Saturday, December 4, 2010
Dead Man Walking
I had the immense privilege to read for the part of Sister Helen Prejean in a staged reading of the play Dead Man Walking. What's more, I got to read this part in front of Sister Helen Prejean! And she liked it!
But what was more inspiring was to be able to engage my heart and emotions, as well as those of others in the play and audience in the issue that several experts on the death penalty were about to address in a panel discussion.
Today exemplified why I study and am moved by the use of arts to engage and acknowledge that our emotions influence human rights, policy and the necessity of challenging the status quo.
Glowing,
L
Monday, November 29, 2010
Resilience
- What is resilience? Can it be taught? Are we born with it? If it can be taught, how? How can the arts be used to teach it?
- Perhaps what the arts provide is space. Space that is not normally offered students in a structured or enticing way. Given more space, students and people have more opportunities to release and express themselves, as well as receive praise for their expressions. Like through a piece of art, a play, a poem, or even a blog.
- If you are in a burning house (a reservation, a low-income community), do you decide to leave? If so, when? Or do you remain and put out fires?

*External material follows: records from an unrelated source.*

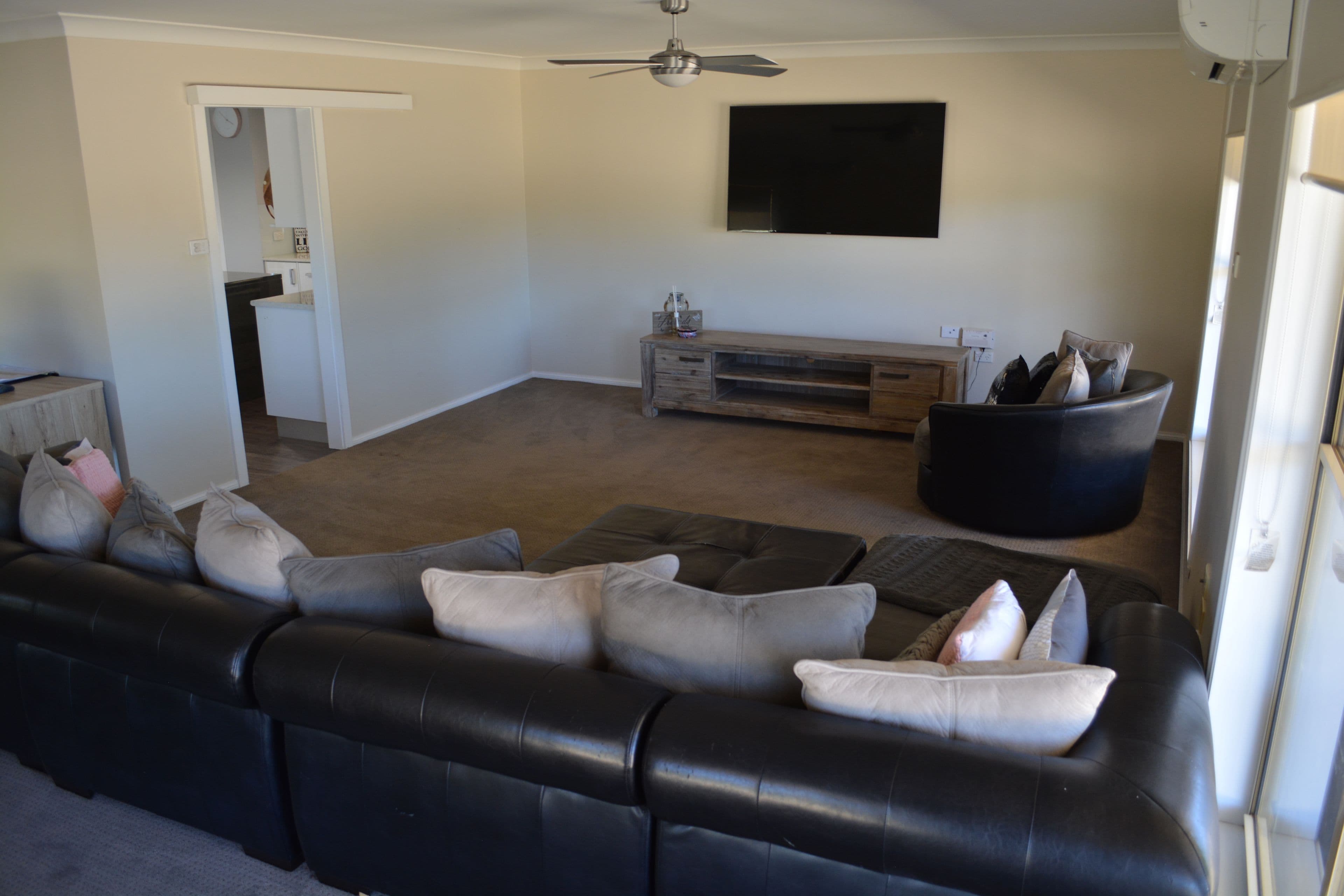 296 The Welcome Road, Parkes - Thumbnail 5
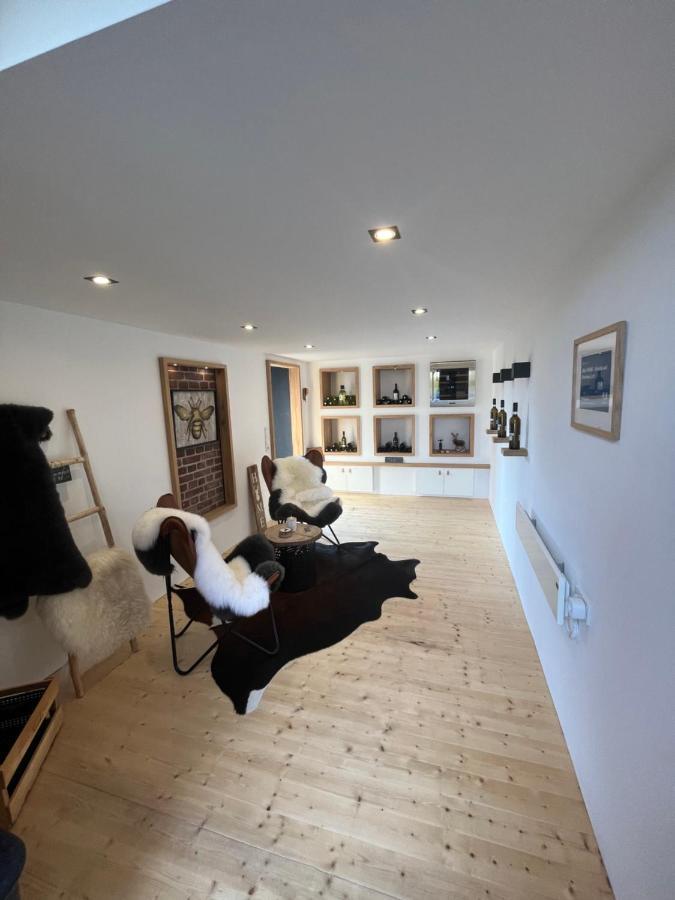 Bee - Urlaubs Und Business Loft Apartment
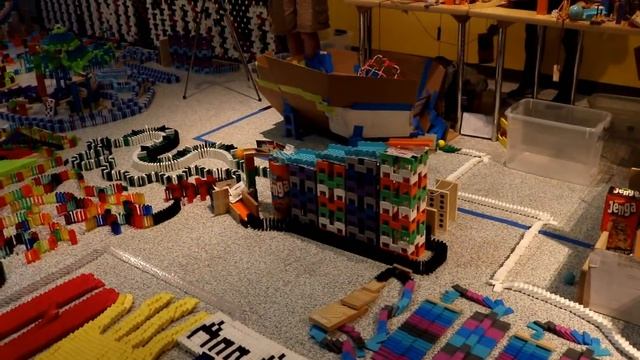 25,000 DOMINOES | Domino World 2018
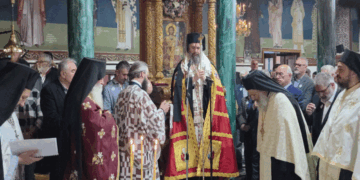 Χοροστατούντος του Σεβαμιωτάτου Ποιμενάρχου μας κ. Ειρηναίου τελέστηκε ο Πανηγυρικός Εσπερινός στον εορτάζοντα Ι.Ν. Αγίου Νικολάου της Τ.Κ. Ολυμπιάδας του Δήμου Εορδαίας (ρεπορτάζ της Κούλας Πουλασιχίδου)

- If in that burning house, and you have limited time to save things, do you grab one person or thing to come along with you? Like saving that one brilliant student from the refugee camp, etc.? Why labor to save them rather than put all your energy into containing the bits of fire you can?
Friday, November 26, 2010
Strategic Planning- in very human words
The Jossey-Bass Handbook of Nonprofit Leadership and Management, Ch. 8: The Strategy Change Cycle, p. 173 by John M. Bryson (2005)
Sunday, October 3, 2010
Aesthetic
- Eric Booth "Teaching Artists in the Arts Learning Ecosystem" from The Music Teaching Artist's Bible, Oxford University Press, 2009. pp. 22.

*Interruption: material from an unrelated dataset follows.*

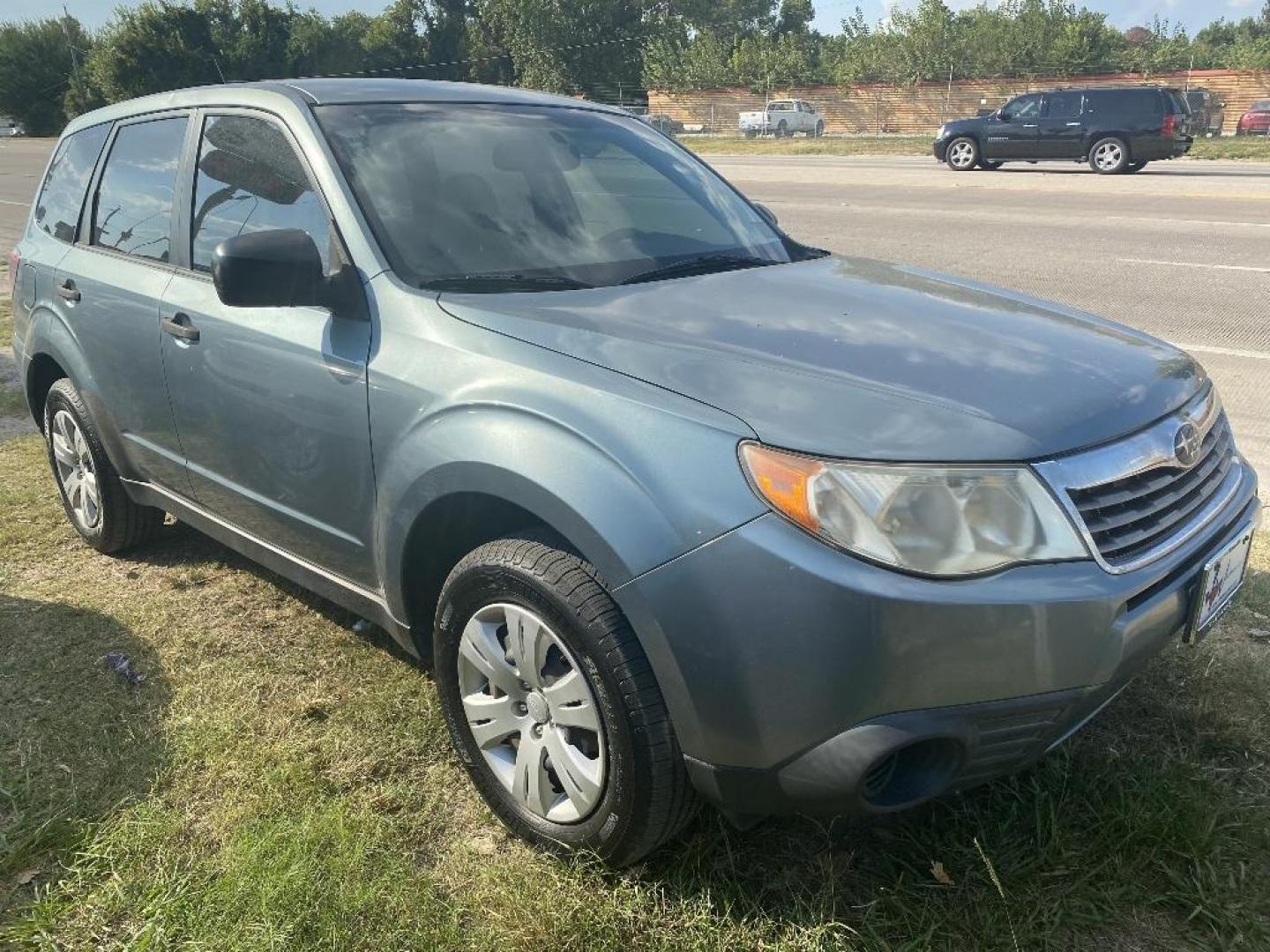 2010 GREEN SUBARU FORESTER 2.5X (JF2SH6AC1AH) with an 2.5L H4 SOHC 16V engine, AUTOMATIC transmission, located at 2303 West Mt. Houston, Houston, 77038, (281) 507-3956, 29.771597, -95.339569 - Photo#0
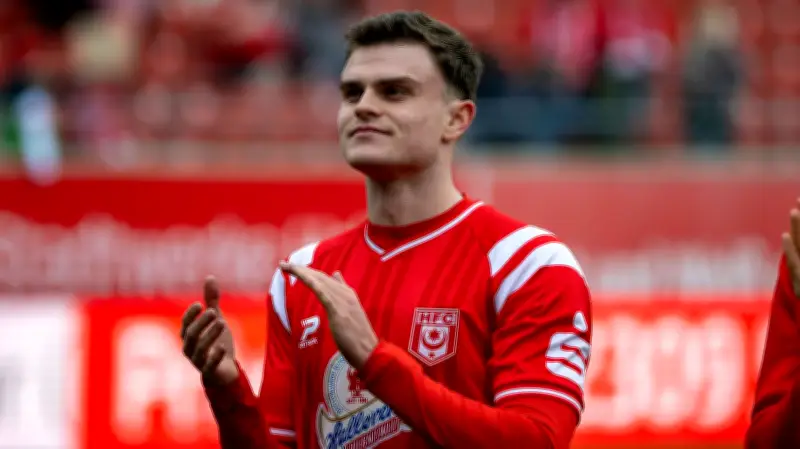 Fabrice Hartmann nähert sich Topform: Vertragsverhandlungen mit Halleschem FC im Fokus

It is not just the teaching artist's job to create awareness of aesthetics as defined by Booth. It is all of our jobs, when we become aware of such structures and confines, to draw awareness in a gentle and thoughtful way.
Professions
- Eric Booth, "The Music Teaching Artist's Bible," 2009
In the transition from the west coast to the east, one of the conversations with which I've most struggled is the "who are you, what's your job" one. I miss the west coast mentality that did not ask this question as though it was what most defined you. For those of you who feel aligned with me, I say we rally and take back the traditional intention of the word profession and choose to be what we profess. Not what our company-issued business card says.
Not learning.
"Not-learning and unlearning are both central techniques that support changes of consciousness and help people develop positive ways of thinking and speaking in opposition to dominant forms of oppression."

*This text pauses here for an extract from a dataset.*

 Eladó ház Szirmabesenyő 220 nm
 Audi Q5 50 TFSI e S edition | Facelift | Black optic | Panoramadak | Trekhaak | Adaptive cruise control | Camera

-Herbert Kohl in "I Won't Learn from You"
When have you witnessed someone actively not-learning? I know I have, at times, felt resistance to that which another said and kept that grudge, thus working very hard to reject all that they were saying. How interesting that not-learning is such an active process. How can we, when offended or wounded by the words of another work to create change with this energy? How can we redirect it to address the roots of the problems in the offensive or alienating words of another rather than actively disengaging? Or is this act of disengaging alone a strong and meaningful message?
Saturday, October 2, 2010
Art is for... ?
vs.
art for something else.
This distinction has ping-ponged around my brain for several days. Is art-- for the beauty, catharsis, and space it lends its creator-- enough to justify it? Or does art need to be for something-- a community, a mission, a lesson, etc.?
Your thoughts welcome.
Decolonization. Of the mind.
How has your mind been colonized? What beliefs are so entrenched in it-- in society-- that perhaps are tacitly stealing your power?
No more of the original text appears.